Joseph of Bethlehem, a humble carpenter in a bad situation. He just stepped out of a cave into: the twilight zone.

The episode would be easy to dismiss: a ghost story in a fake gospel from a credulous age. But even if you don’t take it as historically true, there is something haunting about it. Joseph steps out of the small chamber where the miracle of the incarnation is taking place, and he doesn’t see everything going on as usual. He sees time stand still. The coming of Christ, we know, took place “in the fullness of time” (Galatians 4:4, Ephesians 1:10). Time itself was filled up, was ripe, had reached completeness. God had elected this moment as the center point of his redeeming and revealing activity.

If you could behold that moment of the fullness of time,and then turn your attention to the rest of time, how would everything else look? Common sense says that the single event in the stable would be just one moment in a larger flow of time. The rest of time would be the context that gave place and proportion to the time of the birth of Christ. Anybody with a stop watch could tell you that time may seem to stand still for the parents when the baby is born, but it’s just a trick of perspective and adrenaline.

And common sense presses a strong claim: No matter what was happening in the borrowed manger of Bethlehem, the reign of Caesar Augustus went on making the real geopolitical headlines. Trees grew, populations shifted, glaciers crept, geology happened, sidereal time rolled along, the expanding universe kept reaching outward.

But the Joseph of the Protevangelium had a vision, or walked into the middle of something: the lag between fulfilled time in the stable and normal time everywhere else. In the Church Dogmatics, Karl Barth takes note of this odd passage and points out that this is “what fulfilled time would look like if we were able to view it.” He goes on to say: “If in its perfect divine actuality fulfilled time is to be the one and only truly moved and moving time, then it does indeed mean suspension, the total relativising of all other time and of its apparently moved and moving content.” ( I:1, p. 116)

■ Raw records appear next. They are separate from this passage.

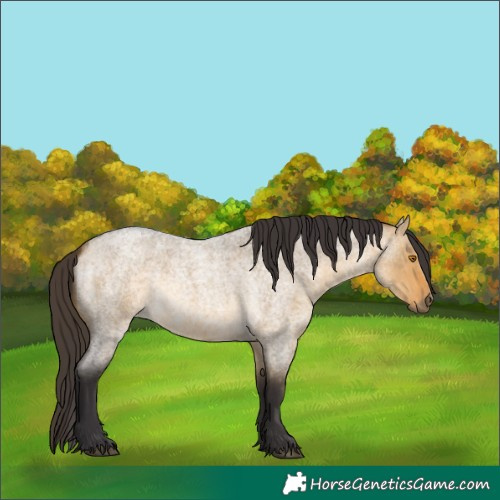 Horse Color:Buckskin Roan Dun 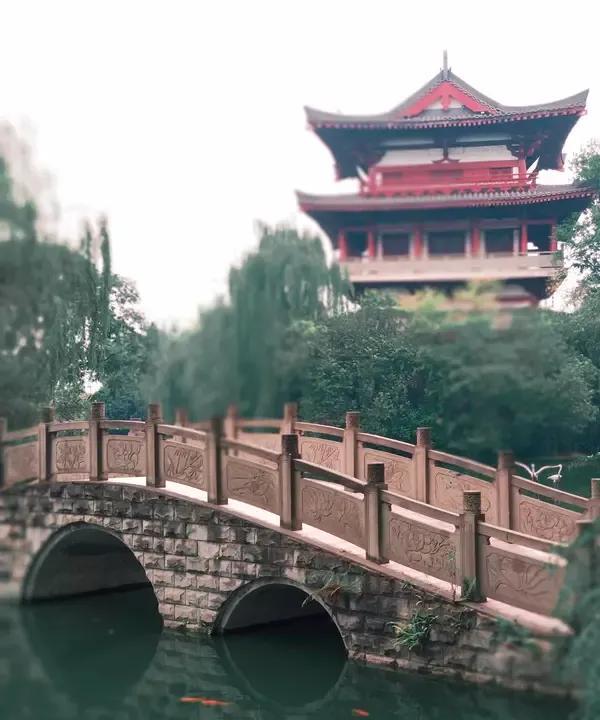 同事高老师，五十八岁了，教了一辈子历史课。或许是他老了的缘故吧，学生们根本不怕他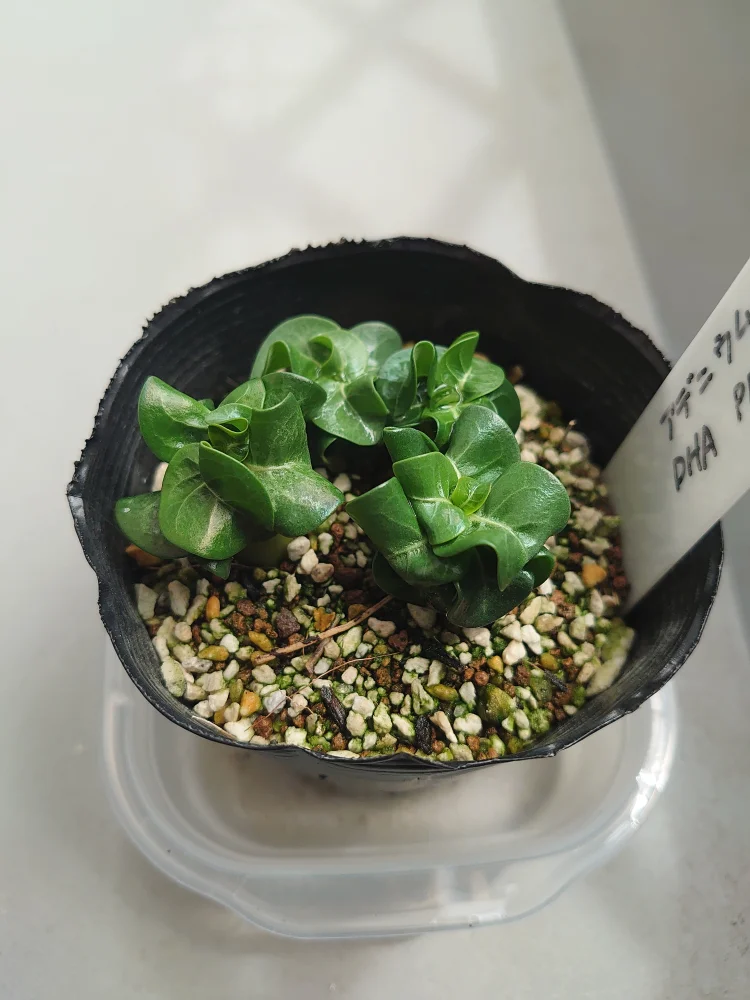 DHA PMK Adenium DHA PMK (アデニウム)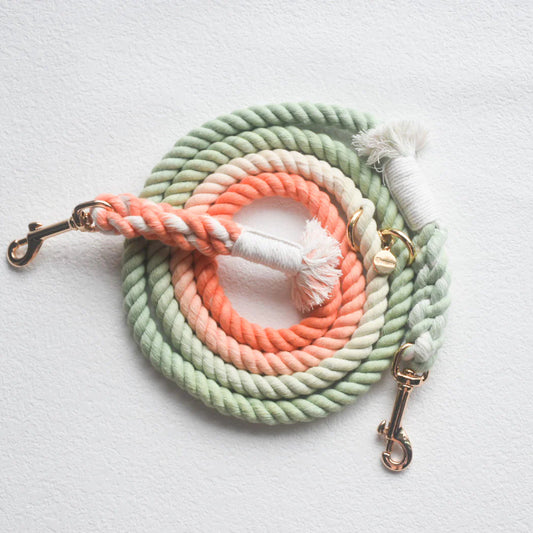 HANDS FREE DOG ROPE LEASH - BUBBLE SODA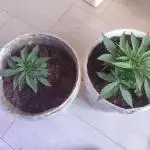Cookies & Cream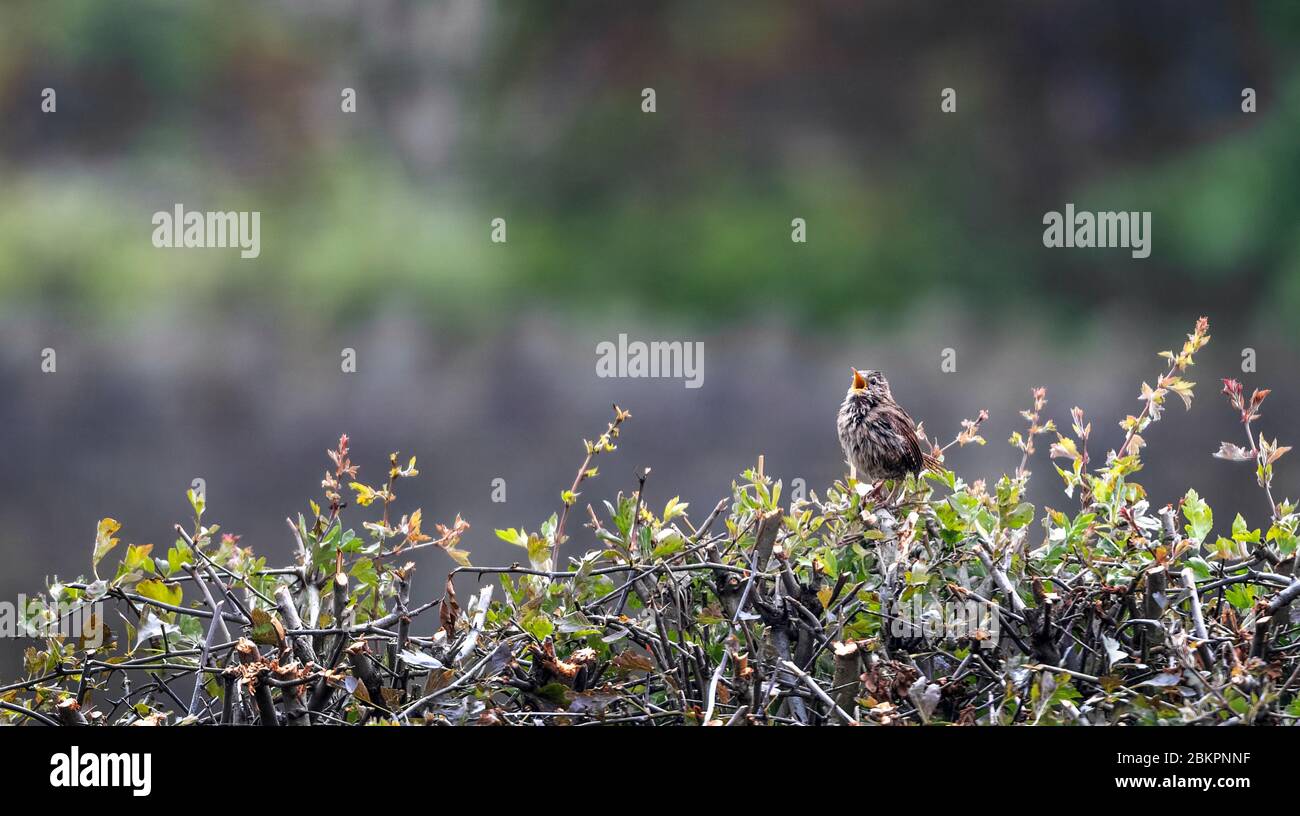 Wren, Troglodytidae, singend, während auf einer Hecke thront Stockfoto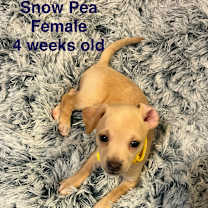 adopt-pet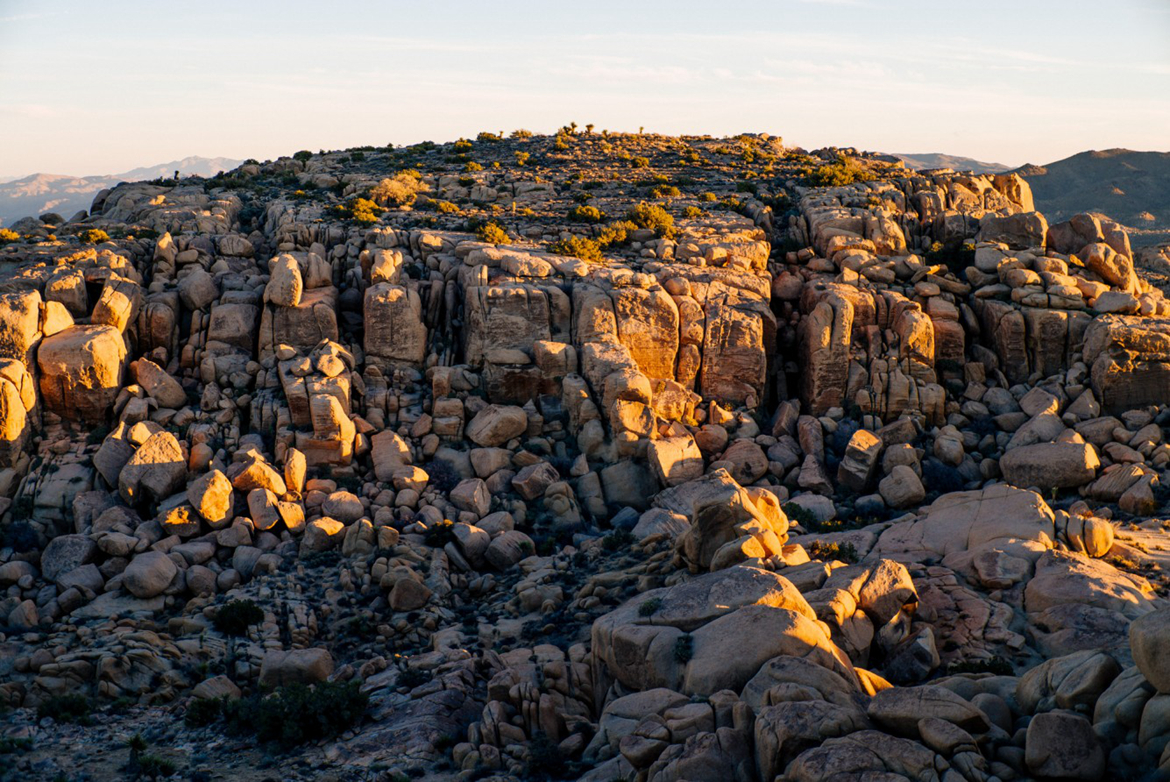 ��������,�����μ�,�������ҹ�԰,Ī��άɳĮ,��������ɳĮ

The strange image of stopped time made its way into Christian traditions in a variety of ways. It’s mostly not in the visual arts tradition, because by its nature it can’t be portrayed in a still image. All paintings are suspensions of real time, aren’t they?. But we become aware of the contrast between fulfilled time and normal time in the peace and stillness of Christmas itself. This is probably the legend that was far back in the mind of the author of Stille Nacht, or of other carols that celebrate the sacred silence surrounding the birth of Christ.